A list has been started of underprivileged emerging blogs! It's like a chain-post. To participate, copy this list into a new post on your own blog, and add the names you have to the bottom of the list, and encourage others to do the same. They should be people with under 150 links so we can truly mess with the Technorati rankings. When you’ve done that, leave a comment at Brother Maynard’s blog so he can keep track of who ends up participating. HT David.

Emerging in Ludlow (David Bole)
Melissa Hatfield

Heh, this turned out to be a somewhat complex post for me because I hadn't really considered myself "emerging" before—more like hovering on the outside of the conversation and listening. But this post was one of those "take-stock" moments that made me realize I have entered into that conversation, even if it is in my small corner of the world and blogdom.

What is emerging? The best summaries I’ve found are both written by New Testament scholar and professor Scot McKnight: What is the Emerging Church? and Five Streams of the Emerging Church. Because there is a lot of misunderstanding out there about the movement, I strongly encourage you to skim through at least one of these articles before you reach a conclusion on emerging matters; McKnight (who goes to Willow Creek, hangs with folks like John Ortberg and, imho, is a trusted voice in evangelical circles) does a wonderful job of both explaining and critiquing the movement.

Basically, the term “emerging” is used to describe a very wide conversation taking place. It is not a particular theology, church, doctrine, practice or way of doing church but (using McKnight’s words) “a loose association of those who want to explore conversation about the Christian faith and the Christian mission and the Christian praxis in this world of ours, and they want to explore that conversation with freedom and impunity when it comes to doctrine.”

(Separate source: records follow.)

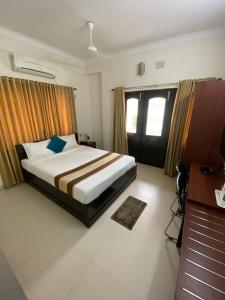 加尔各答Krishna Kunja " A Quiet & Peaceful Stay "的一间卧室配有一张床、一张书桌和窗户。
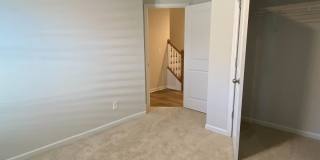 Room in 4 Bedroom Home at Statesville Ave Gallery 33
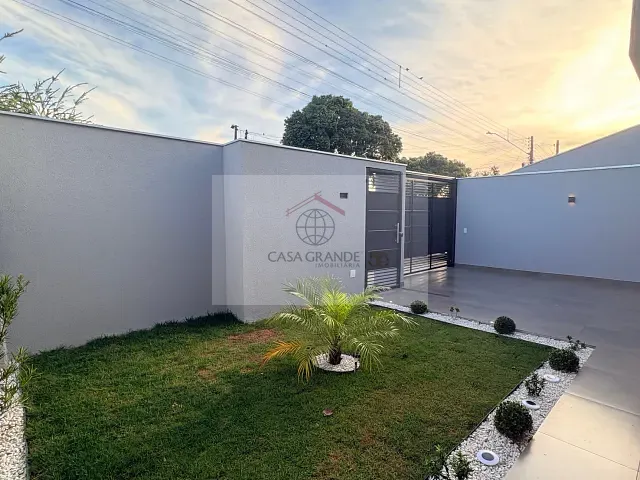 Casa com 180m² 3 quartos e 2 banheiros, à venda, no bairro Jardim Monte Carlo em Rolândia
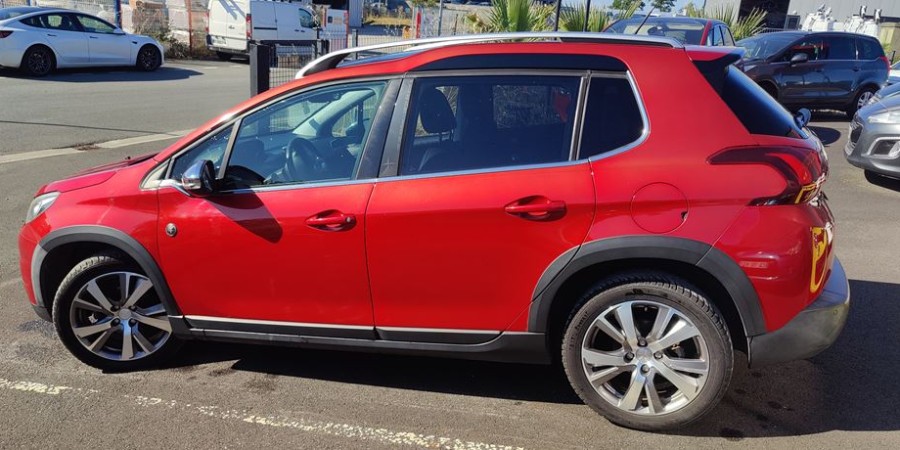 Peugeot 2008 PHASE 2 1.6 BLUE-HDI 100 CV / CROSSWAY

The conversation (again, not a theology, church, sect or group) is huge, including an incredibly wide range of people (from scholars and theologians to “people in the pew” like me), ranges over a vast subject arena and can be somewhat unsettling (particularly because of the part that has to do with examining doctrine). However, I firmly support an informed examination of our faith. An unexamined faith can be a dangerous one. We must know and own why we believe what we believe. Jesus’ Way withstands scrutiny—and by sifting today’s doctrine and practice through biblical and early church lenses, we can find where we may be getting it wrong here and now.

As for me, some of the emerging conversation doesn’t interest me. Some of it, in my opinion, is definately going in the wrong direction. Some of it, however, is hitting the nail on the head, and that’s the part that attracts me: the admission by lots of people—from evangelical leaders, church growth wizards and church planters to Christian thinkers and theologians to people like me—that the way we do church now is not producing changed lives or working with God in Kingdom-coming. The church is broken—and that’s where I’ve entered the conversation.

Among the larger voices in the conversation, I appreciate emerging thinker types like Andrew Jones and Scot McKnight (whom I really respect for his deep scholarship and orthodoxy yet incredible ability to communicate it all so simply). I’m particularly drawn to discipleship and Kingdom-praxis folks (what does this Kingdom-life look like and how do we live it) like Dallas Willard, Richard Foster, Wayne Jacobsen and Jim Henderson. Which, I guess, makes me more praxis-oriented when it comes to the emerging conversation.

Anyway, thanks to David for making me examine my own part in this conversation. Blessings.